The main thing that struck me about MDNA versus her other tours—and really, Madonna's tours can't be compared with almost anyone else's, with only Lady Gaga in her wake having attempted the template Madonna created as far back as Who's That Girl in 1987—is that MDNA is less artificially divided into sections. Though there are suites, there's far more artistic and stylistic and musical overlap than in past efforts, where you might find yourself with pop cultural whiplash after zipping from disco to Dietrich just because why not? I never felt, even with the suites separated by what are the best overall visuals from any Madonna tour, that separate thoughts were happening. Rather, MDNA feels like one cohesive rumination on a relationship, and it's pretty hard not to imagine it was borne of Madonna's failed marriage to Guy Ritchie.
I don't know what Guy did to her, but based on this performance, dude needs to get arrested—she is not just sad, she is devastated, and it makes for a fascinating two hours. It's hard to envision Madonna as vulnerable even after many years of some of the tenderest love songs you'd ever want to hear due to the strength she emanates as a woman and as an artist, but even Smaug the dragon from The Hobbit had a chink in his armor. Madonna's appears to be located close to her heart.
The show opens with a prolonged, um, religious chant that involves black-robed monks and an ominously swinging censer that was beyond spectacular as seen from the golden triangle. (I wouldn't give my golden triangle experience back for anything, but if you're dying because you can't get in, don't—you see much more of the show from the rows in front of the pit.) Madonna's always good at ratcheting up anticipation, often writing the word into her songs, but I would have suggested she pare this part down. The build-up became a little tedious at one point, even though her eventual appearance from behind a scrim (Who's That Girl Tour!) was of course orgasm-inducing.

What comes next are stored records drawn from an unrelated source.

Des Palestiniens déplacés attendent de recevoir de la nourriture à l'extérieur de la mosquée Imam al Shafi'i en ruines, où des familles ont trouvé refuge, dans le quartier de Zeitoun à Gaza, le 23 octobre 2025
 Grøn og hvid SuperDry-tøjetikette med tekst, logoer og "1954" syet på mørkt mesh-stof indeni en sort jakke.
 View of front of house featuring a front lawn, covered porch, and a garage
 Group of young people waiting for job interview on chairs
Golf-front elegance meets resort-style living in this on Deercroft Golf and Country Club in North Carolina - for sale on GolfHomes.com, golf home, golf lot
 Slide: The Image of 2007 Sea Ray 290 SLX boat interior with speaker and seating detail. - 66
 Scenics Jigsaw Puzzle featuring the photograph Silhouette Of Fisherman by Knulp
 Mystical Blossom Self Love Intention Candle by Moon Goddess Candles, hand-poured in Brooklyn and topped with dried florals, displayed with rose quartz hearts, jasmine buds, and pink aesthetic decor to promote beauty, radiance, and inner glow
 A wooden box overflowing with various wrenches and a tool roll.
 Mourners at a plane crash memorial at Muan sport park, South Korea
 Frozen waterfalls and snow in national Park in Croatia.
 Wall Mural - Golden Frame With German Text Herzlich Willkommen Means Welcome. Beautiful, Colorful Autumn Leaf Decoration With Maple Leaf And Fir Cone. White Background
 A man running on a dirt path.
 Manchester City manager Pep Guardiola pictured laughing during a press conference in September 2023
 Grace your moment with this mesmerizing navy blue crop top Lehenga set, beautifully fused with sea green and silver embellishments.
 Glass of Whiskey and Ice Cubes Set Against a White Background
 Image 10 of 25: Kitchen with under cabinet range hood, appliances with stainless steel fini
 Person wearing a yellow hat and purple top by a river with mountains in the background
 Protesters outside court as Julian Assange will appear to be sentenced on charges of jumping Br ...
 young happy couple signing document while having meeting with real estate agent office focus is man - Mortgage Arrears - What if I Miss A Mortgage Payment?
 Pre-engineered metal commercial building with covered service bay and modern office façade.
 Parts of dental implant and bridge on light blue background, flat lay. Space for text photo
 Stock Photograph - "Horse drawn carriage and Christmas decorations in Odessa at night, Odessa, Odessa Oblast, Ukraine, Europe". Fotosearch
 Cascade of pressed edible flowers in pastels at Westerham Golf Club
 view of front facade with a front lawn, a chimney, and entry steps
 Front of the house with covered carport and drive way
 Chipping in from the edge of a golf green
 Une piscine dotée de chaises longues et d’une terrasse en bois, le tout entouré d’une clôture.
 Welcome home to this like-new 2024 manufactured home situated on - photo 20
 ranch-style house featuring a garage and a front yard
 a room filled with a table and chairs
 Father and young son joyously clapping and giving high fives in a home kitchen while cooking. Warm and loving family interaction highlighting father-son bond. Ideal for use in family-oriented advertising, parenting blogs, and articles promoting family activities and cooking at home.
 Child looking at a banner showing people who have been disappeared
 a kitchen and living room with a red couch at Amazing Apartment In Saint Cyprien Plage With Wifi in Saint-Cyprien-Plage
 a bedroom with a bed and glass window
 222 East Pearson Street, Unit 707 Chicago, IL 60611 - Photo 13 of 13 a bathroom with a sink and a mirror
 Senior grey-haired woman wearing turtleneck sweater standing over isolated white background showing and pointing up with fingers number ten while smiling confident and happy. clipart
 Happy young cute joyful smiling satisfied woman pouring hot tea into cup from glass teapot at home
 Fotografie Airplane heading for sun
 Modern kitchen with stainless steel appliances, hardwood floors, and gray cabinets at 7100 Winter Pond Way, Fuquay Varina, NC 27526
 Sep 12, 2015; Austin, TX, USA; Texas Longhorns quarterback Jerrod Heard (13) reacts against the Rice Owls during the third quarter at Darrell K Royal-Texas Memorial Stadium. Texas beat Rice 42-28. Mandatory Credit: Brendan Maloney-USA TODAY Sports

"Girl Gone Wild" is a goddamn good song that deserves more love than it's been given, and it serves as a fine, rousing opener, featuring terrific dancing. Madonna looks alarmingly perfect, even with her Hilary Duff updo. I would venture to say everything about Madonna has never looked better on any other tour. You'd have to go back to Blond Ambition or even The Virgin Tour to find a comparably beautiful Madonna, and the clothes are sick.
"Revolver" is filler, a gun-filled almost-anthem featuring a larger-than-life Lil' Wayne projection dueting with the diva.
"Gang Bang" is one of the best bits Madonna's ever done on stage, an instant classic. The over-the-top theatricality more than makes up for the harshness of seeing her blow people away. It's been said before, but the Quentin Tarantino vibe is palpable as Madonna scales a wall in her stylized hotel set using a cross that doubles as a mini-ladder. Climbing the stairway to heaven while her lover gets ready for a trip to hell? Ah, he deserved it.
"Papa Don't Preach" appears in a truncated but faithful version that will be a welcome relief for casual fans not wild about hearing only music made in 2010 or later. "Hung Up"—a joyous, bubbly dance tune—is reinvented as a plaintive, cold, bondage-induced complaint. Seeing Madonna literally strung up hammers home the point of being restricted and controlled.